# What to produce:
Images are to be left out when the records below are printed word for word.

# Data excerpts:
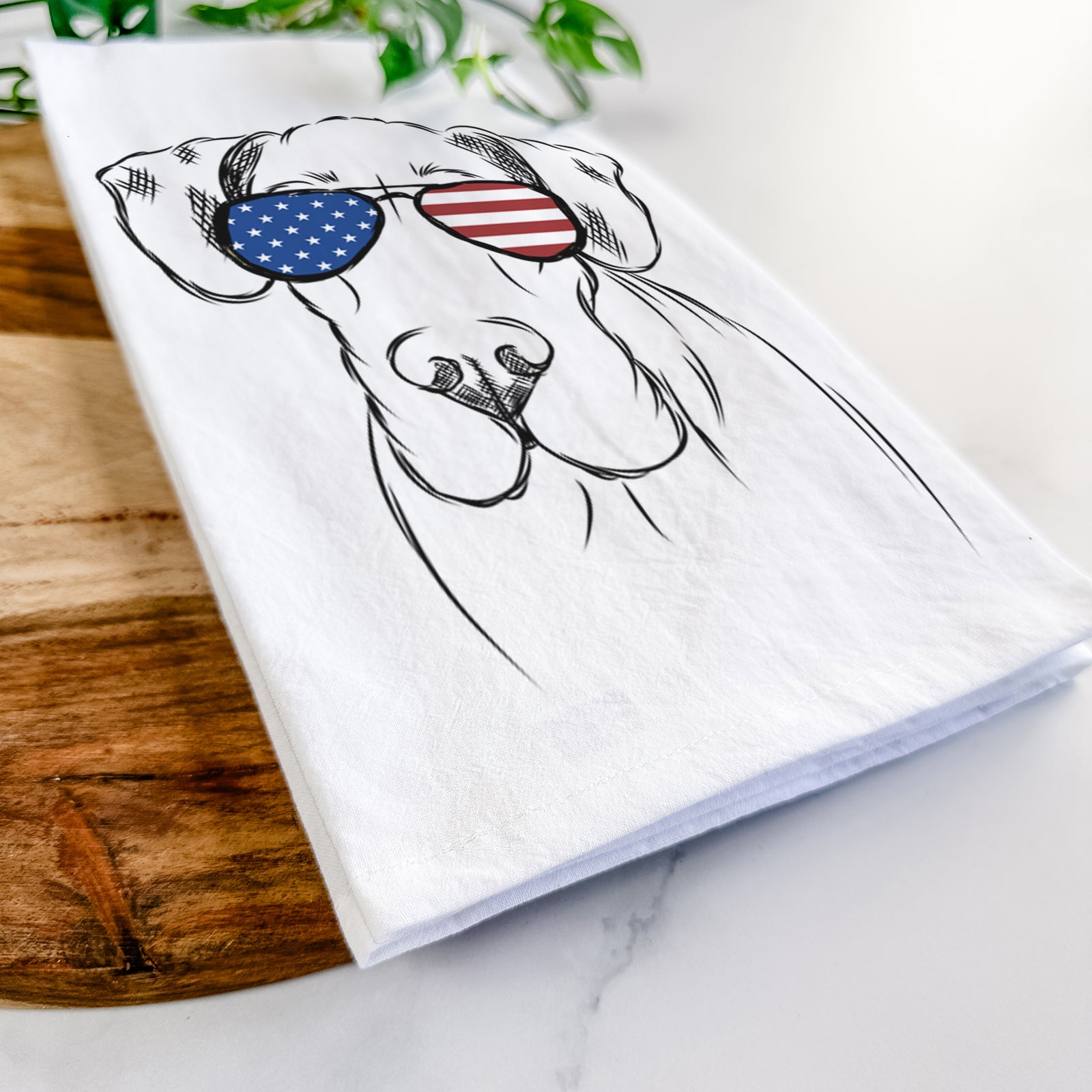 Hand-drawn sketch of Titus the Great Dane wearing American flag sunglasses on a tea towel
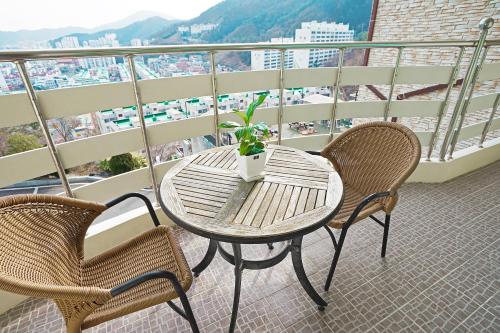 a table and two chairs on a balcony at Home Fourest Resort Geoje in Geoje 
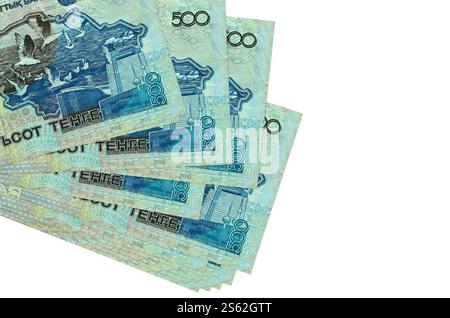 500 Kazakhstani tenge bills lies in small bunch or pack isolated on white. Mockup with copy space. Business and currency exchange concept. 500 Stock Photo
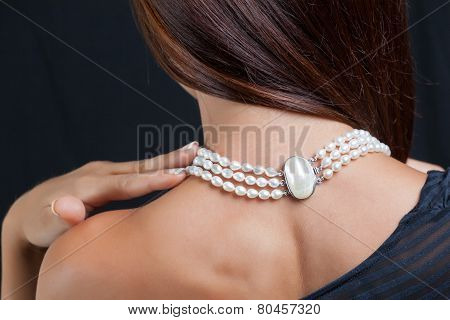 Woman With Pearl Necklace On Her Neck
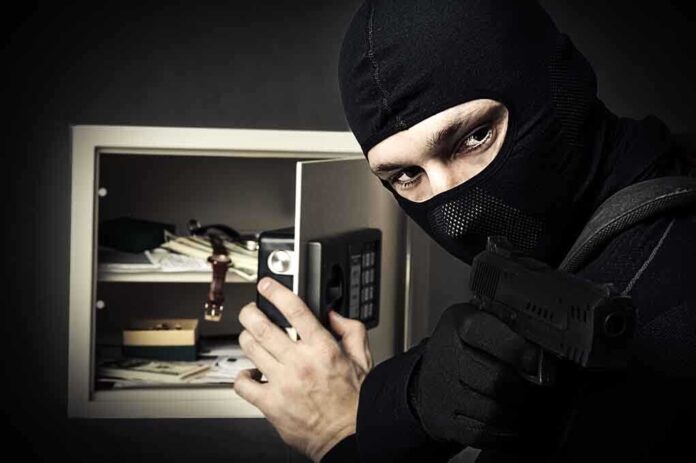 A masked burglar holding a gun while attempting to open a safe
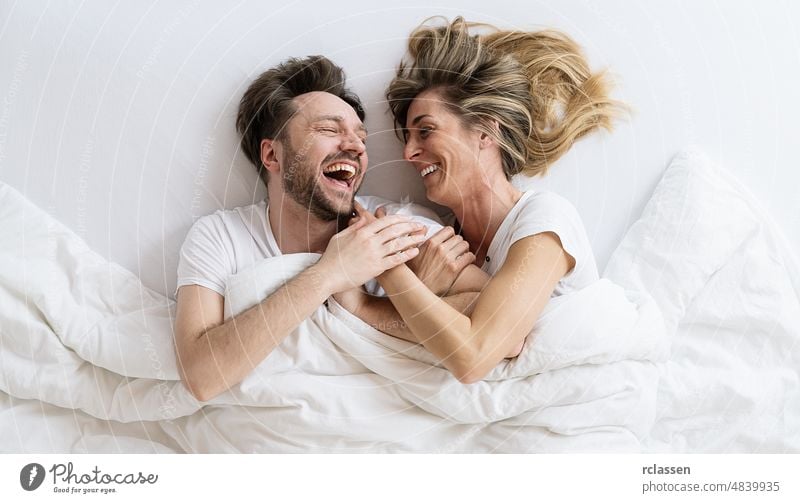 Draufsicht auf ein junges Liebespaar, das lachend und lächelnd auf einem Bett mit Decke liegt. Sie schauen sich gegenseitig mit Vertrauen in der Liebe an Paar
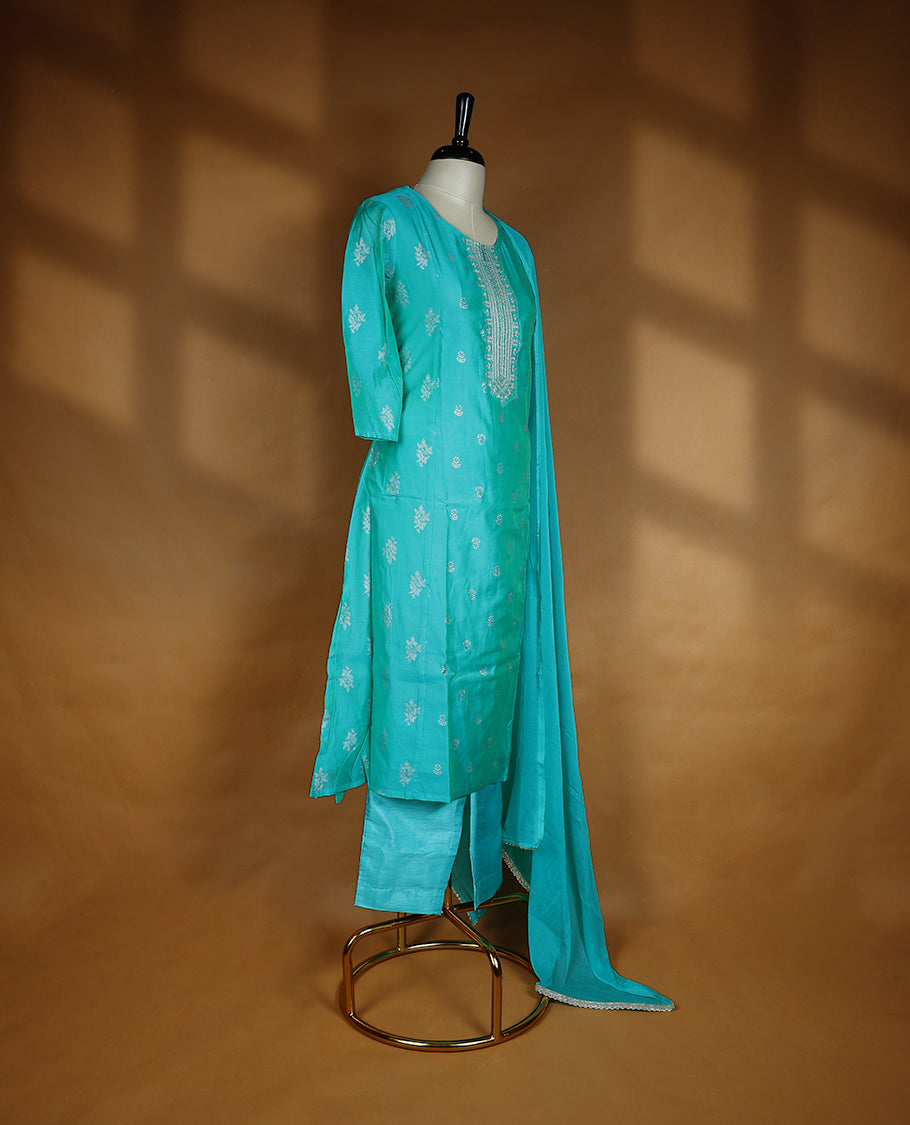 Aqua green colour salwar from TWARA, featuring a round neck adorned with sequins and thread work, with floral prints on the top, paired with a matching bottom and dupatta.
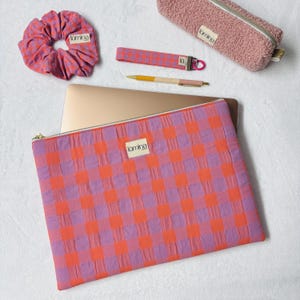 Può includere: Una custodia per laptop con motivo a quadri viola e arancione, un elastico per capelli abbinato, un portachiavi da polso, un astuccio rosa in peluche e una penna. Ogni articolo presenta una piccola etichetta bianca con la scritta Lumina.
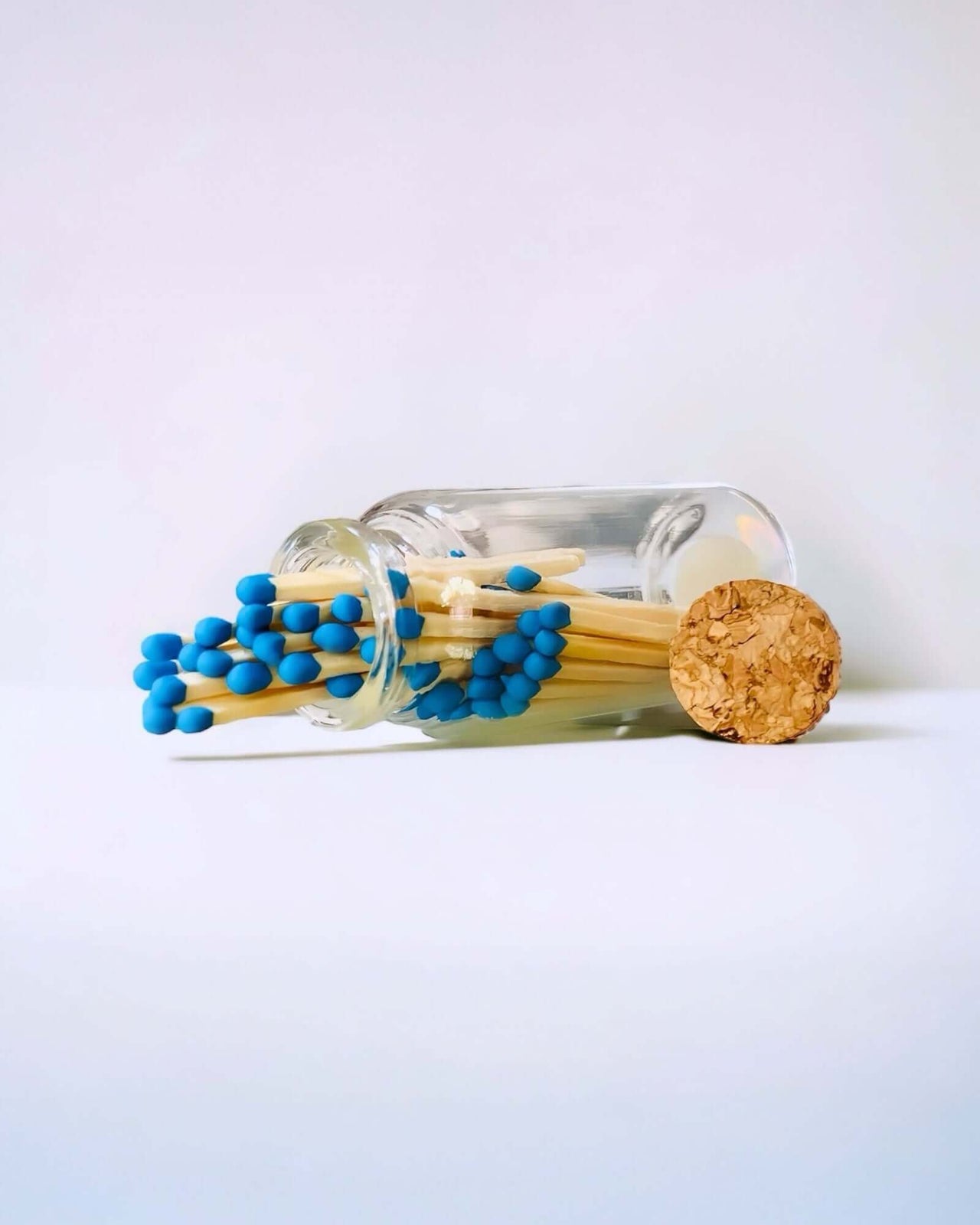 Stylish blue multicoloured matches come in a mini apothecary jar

# Solution to this problem:
 Hand-drawn sketch of Titus the Great Dane wearing American flag sunglasses on a tea towel
 a table and two chairs on a balcony at Home Fourest Resort Geoje in Geoje 
 500 Kazakhstani tenge bills lies in small bunch or pack isolated on white. Mockup with copy space. Business and currency exchange concept. 500 Stock Photo
 Woman With Pearl Necklace On Her Neck
 A masked burglar holding a gun while attempting to open a safe
 Draufsicht auf ein junges Liebespaar, das lachend und lächelnd auf einem Bett mit Decke liegt. Sie schauen sich gegenseitig mit Vertrauen in der Liebe an Paar
 Aqua green colour salwar from TWARA, featuring a round neck adorned with sequins and thread work, with floral prints on the top, paired with a matching bottom and dupatta.
 Può includere: Una custodia per laptop con motivo a quadri viola e arancione, un elastico per capelli abbinato, un portachiavi da polso, un astuccio rosa in peluche e una penna. Ogni articolo presenta una piccola etichetta bianca con la scritta Lumina.
 Stylish blue multicoloured matches come in a mini apothecary jar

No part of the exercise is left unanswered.